--- DESCRIPTION OF THE TASK ---
Output exactly the lines from the one containing "FOTO: Jurus UMKM" through the final line of the entries below, both included, and skip the pictures.

[Dataset excerpts]
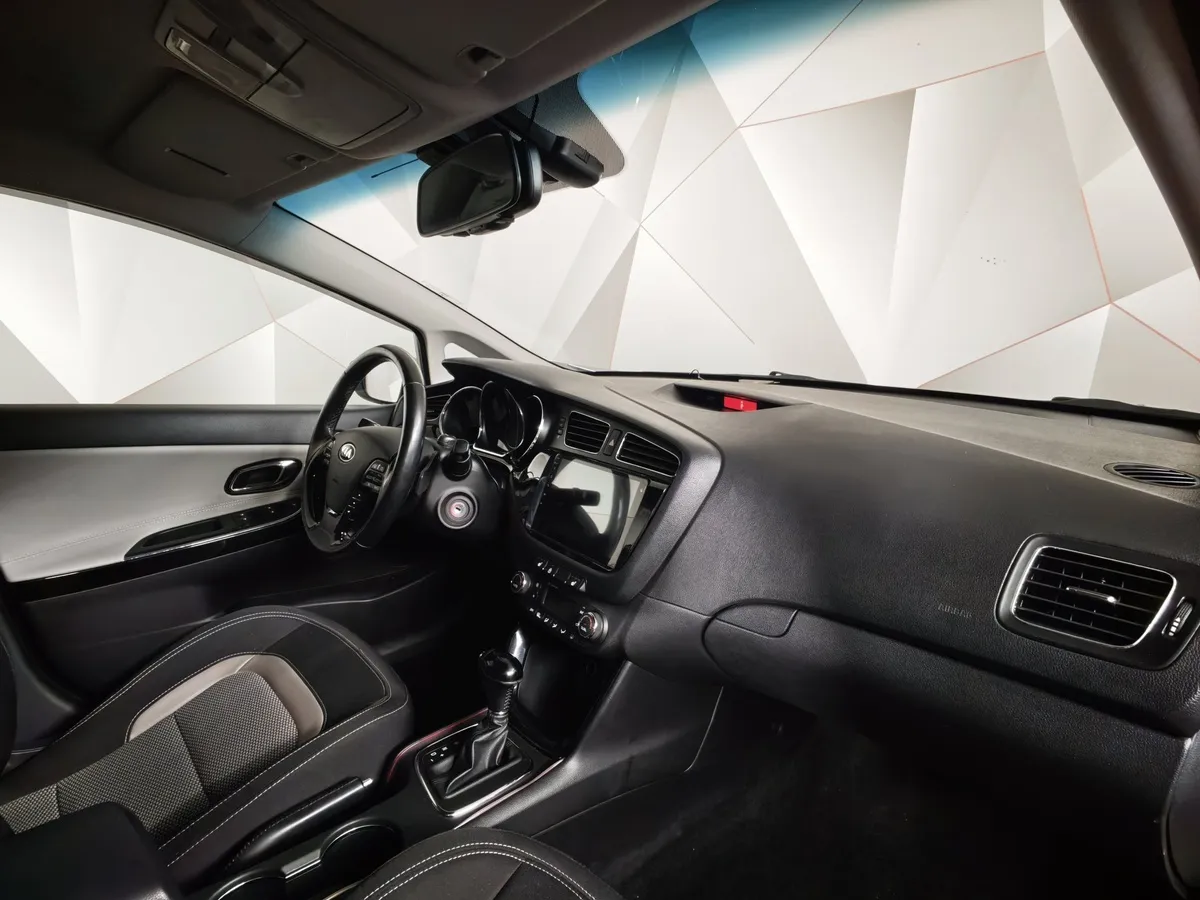 Kia Ceed 1.6 MPI AT (128 л.с.) Comfort Серебристый в АВИЛОН. Слайд №13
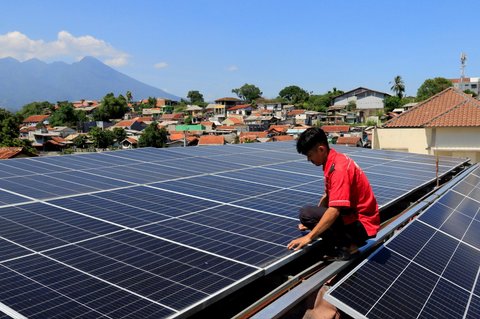 FOTO: Jurus UMKM di Bogor Hemat Biaya Listrik dan Dukung Keberlanjutan Lingkungan dengan PLTS Atap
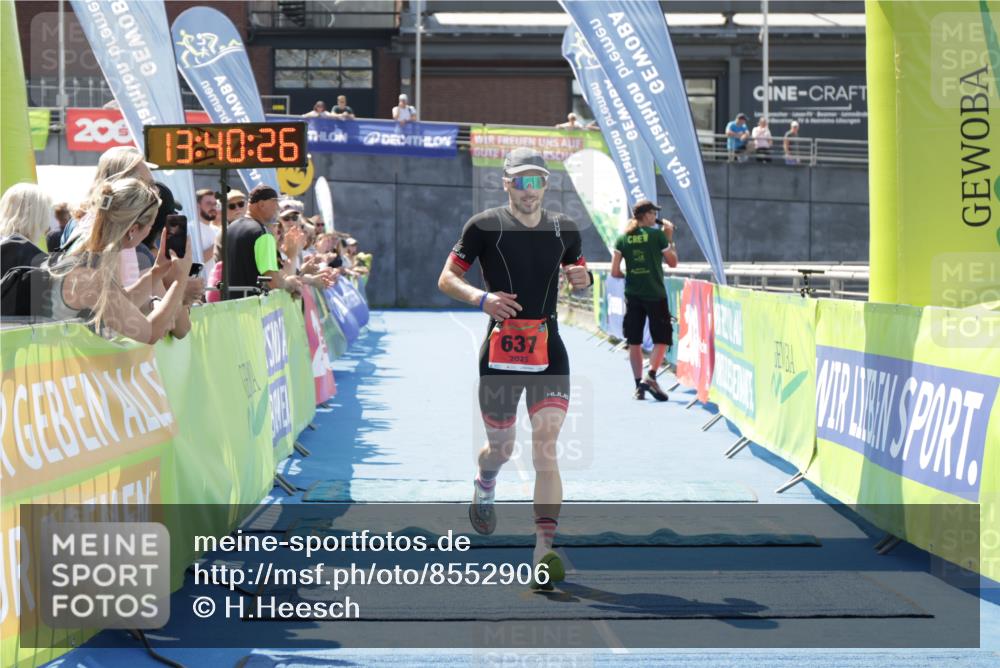 10.08.2025 - GEWOBA Citytriathlon Bremen H.Heesch http://msf.ph/oto/8552906 10.08.2025 13:40:30 Ziel 637 meine-sportfotos.de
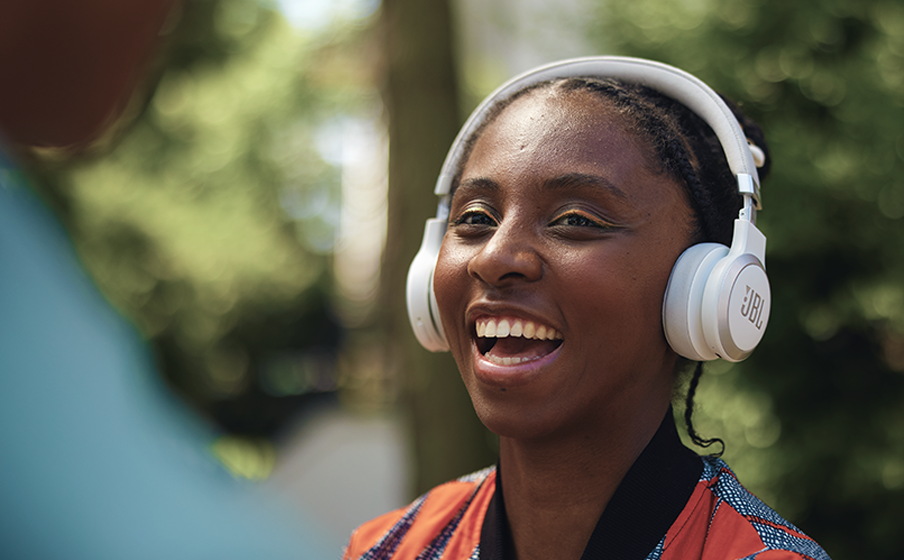 mit Noise Kabelloser | JBL 670NC Adaptive On-Ear-Kopfhörer Cancelling True Live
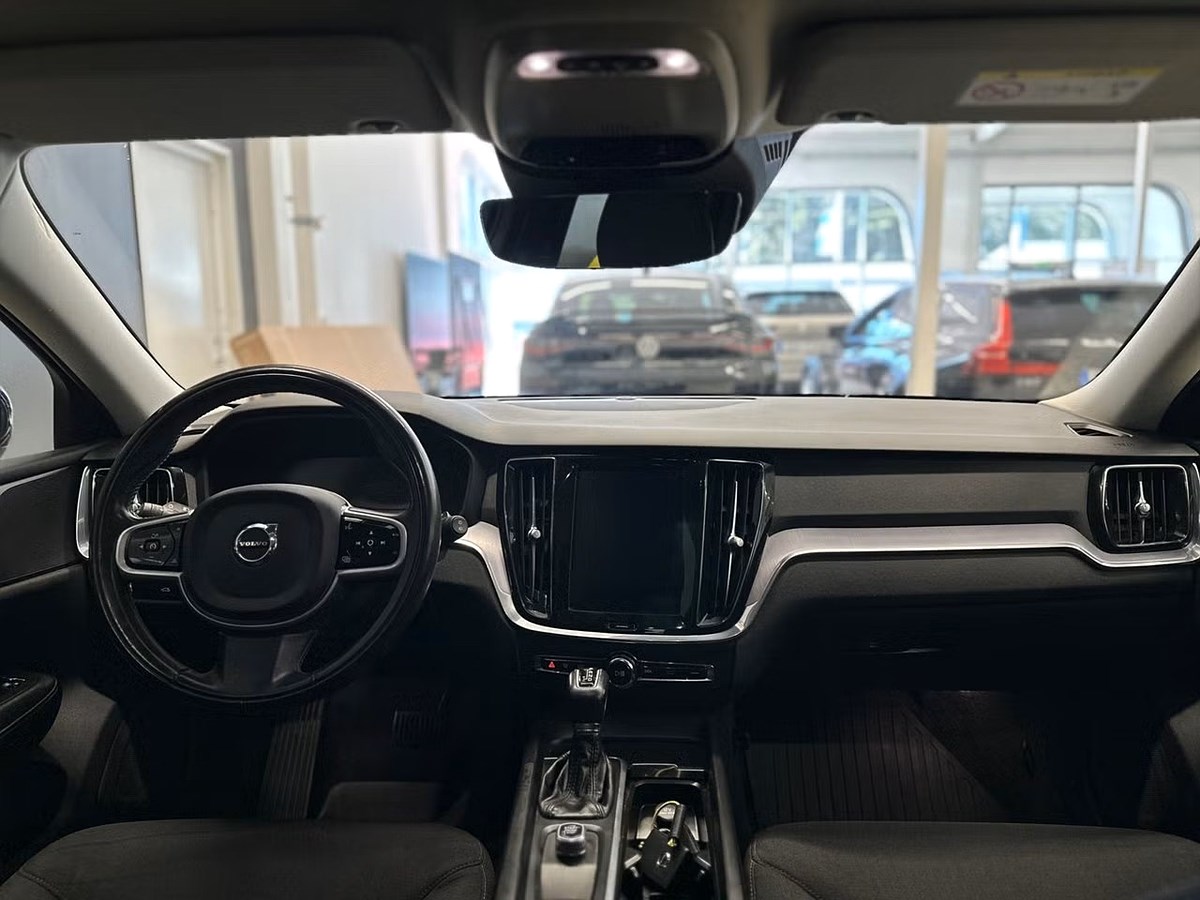 Volvo V60 Cross Country – bild 7
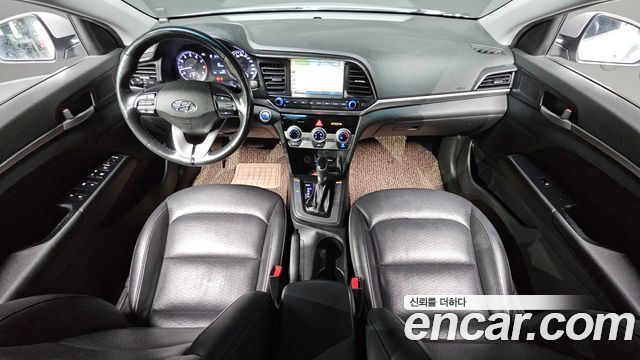 Hyundai Avante — interior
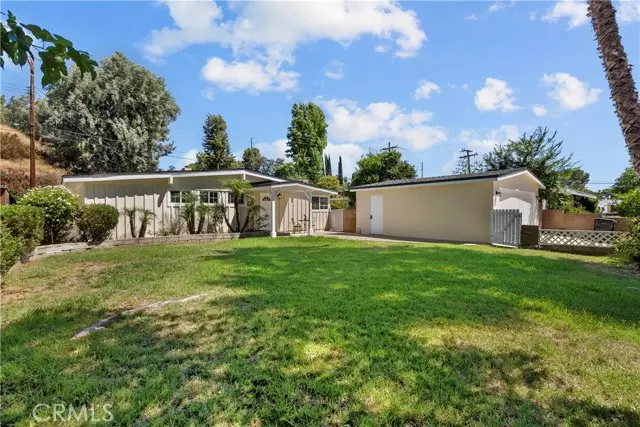 Saugus, CA 91350,27610 Santa Clarita Road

--- YOUR SOLUTION ---
 FOTO: Jurus UMKM di Bogor Hemat Biaya Listrik dan Dukung Keberlanjutan Lingkungan dengan PLTS Atap
 10.08.2025 - GEWOBA Citytriathlon Bremen H.Heesch http://msf.ph/oto/8552906 10.08.2025 13:40:30 Ziel 637 meine-sportfotos.de
 mit Noise Kabelloser | JBL 670NC Adaptive On-Ear-Kopfhörer Cancelling True Live
 Volvo V60 Cross Country – bild 7
 Hyundai Avante — interior
 Saugus, CA 91350,27610 Santa Clarita Road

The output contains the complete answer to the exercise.